§ **Supplied records**
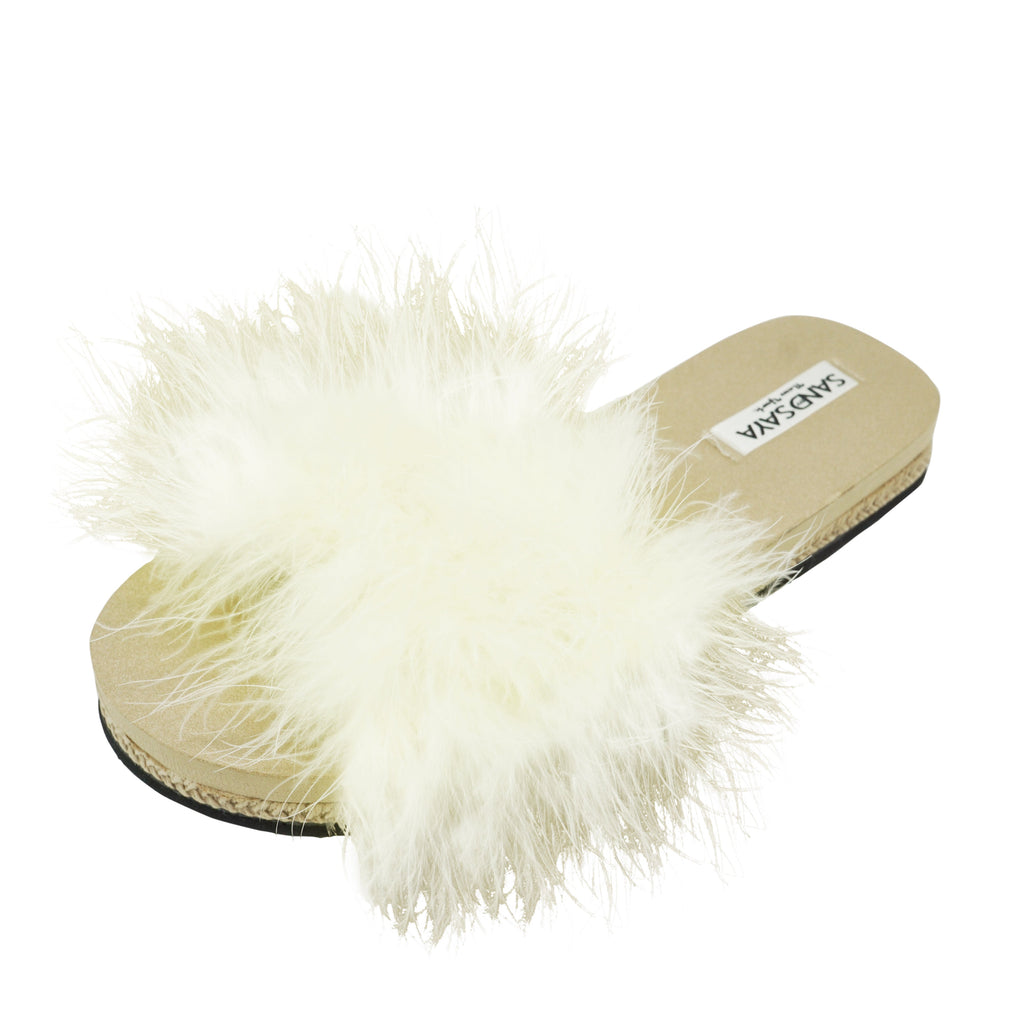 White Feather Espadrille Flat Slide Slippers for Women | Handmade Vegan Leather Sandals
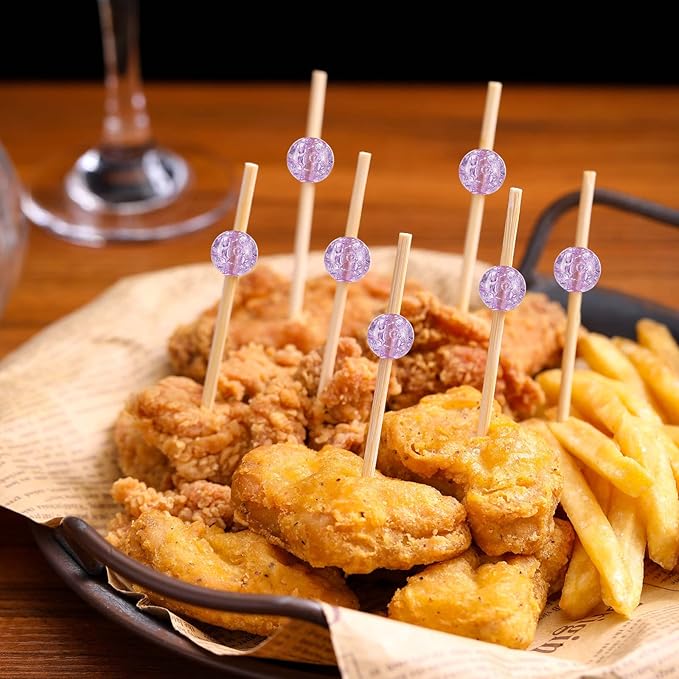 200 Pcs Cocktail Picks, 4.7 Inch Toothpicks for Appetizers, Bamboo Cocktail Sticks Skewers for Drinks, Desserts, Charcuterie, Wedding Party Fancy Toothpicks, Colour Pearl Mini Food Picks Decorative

==

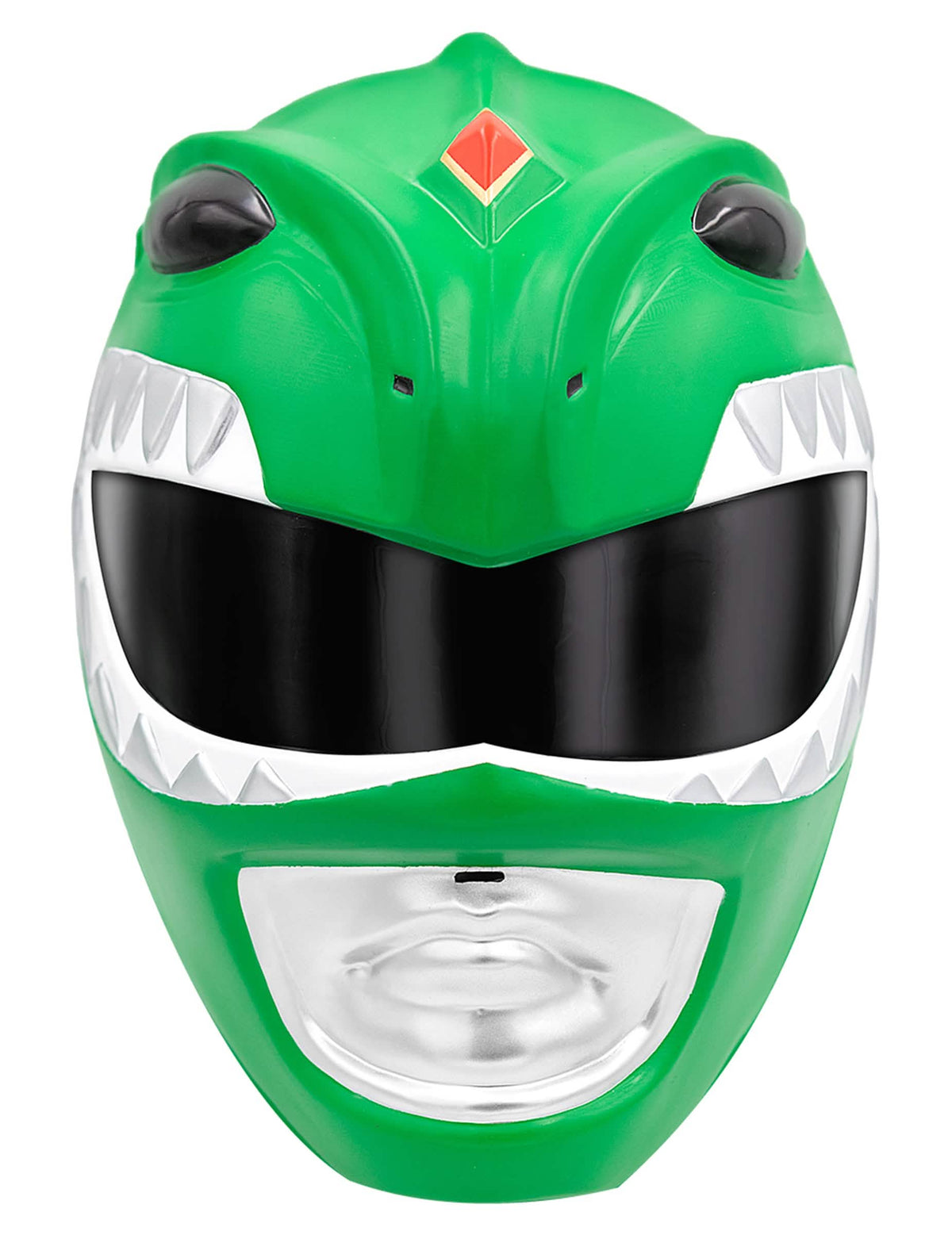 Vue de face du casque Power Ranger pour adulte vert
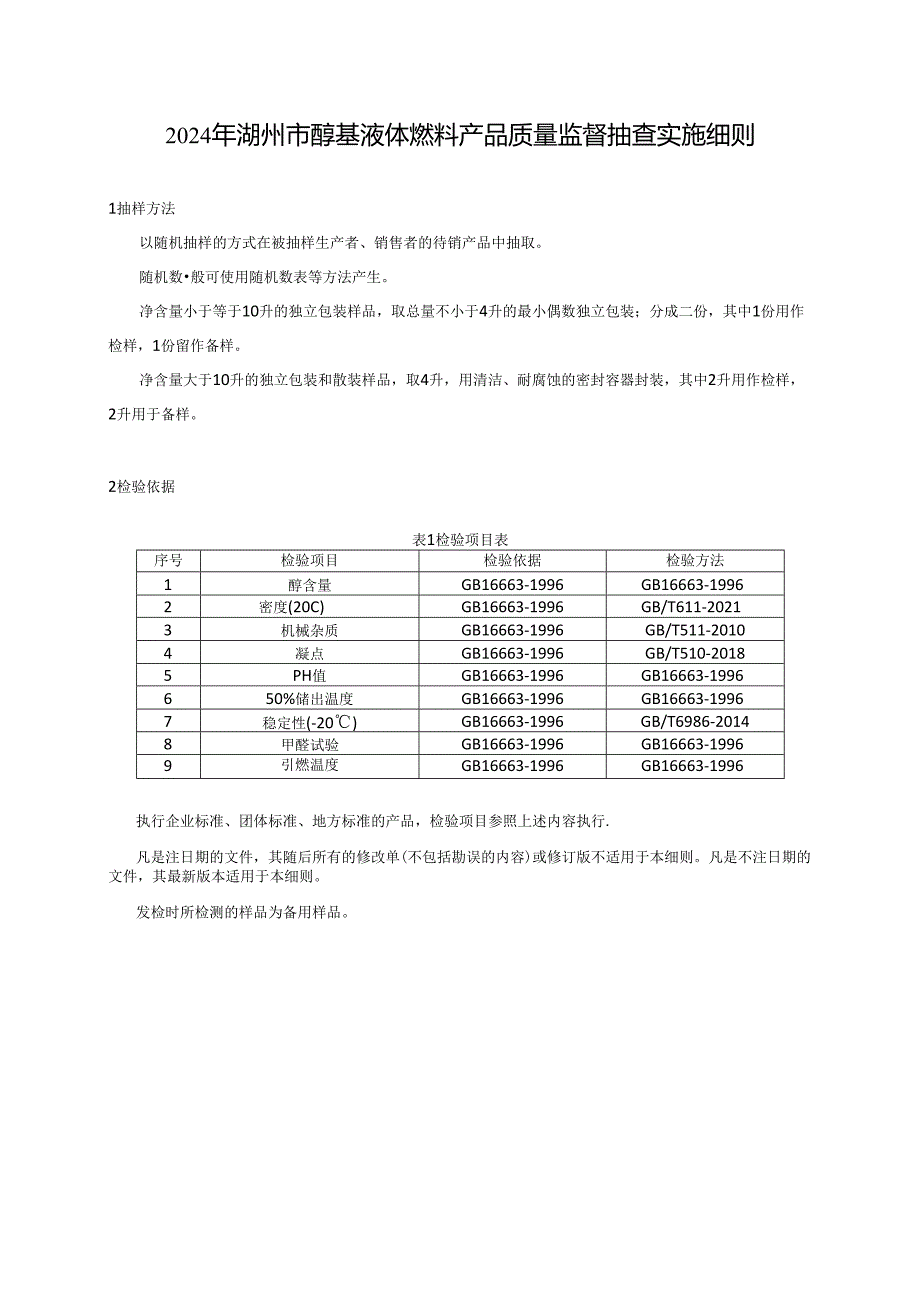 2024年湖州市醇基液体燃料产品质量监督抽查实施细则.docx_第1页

§ **Assignment**
Reproduce the entries exactly, from the line with "White Feather Espadrille" to the line with "200 Pcs Cocktail", both lines included, keeping no pictures.

§ **Expected answer**
 White Feather Espadrille Flat Slide Slippers for Women | Handmade Vegan Leather Sandals
 200 Pcs Cocktail Picks, 4.7 Inch Toothpicks for Appetizers, Bamboo Cocktail Sticks Skewers for Drinks, Desserts, Charcuterie, Wedding Party Fancy Toothpicks, Colour Pearl Mini Food Picks Decorative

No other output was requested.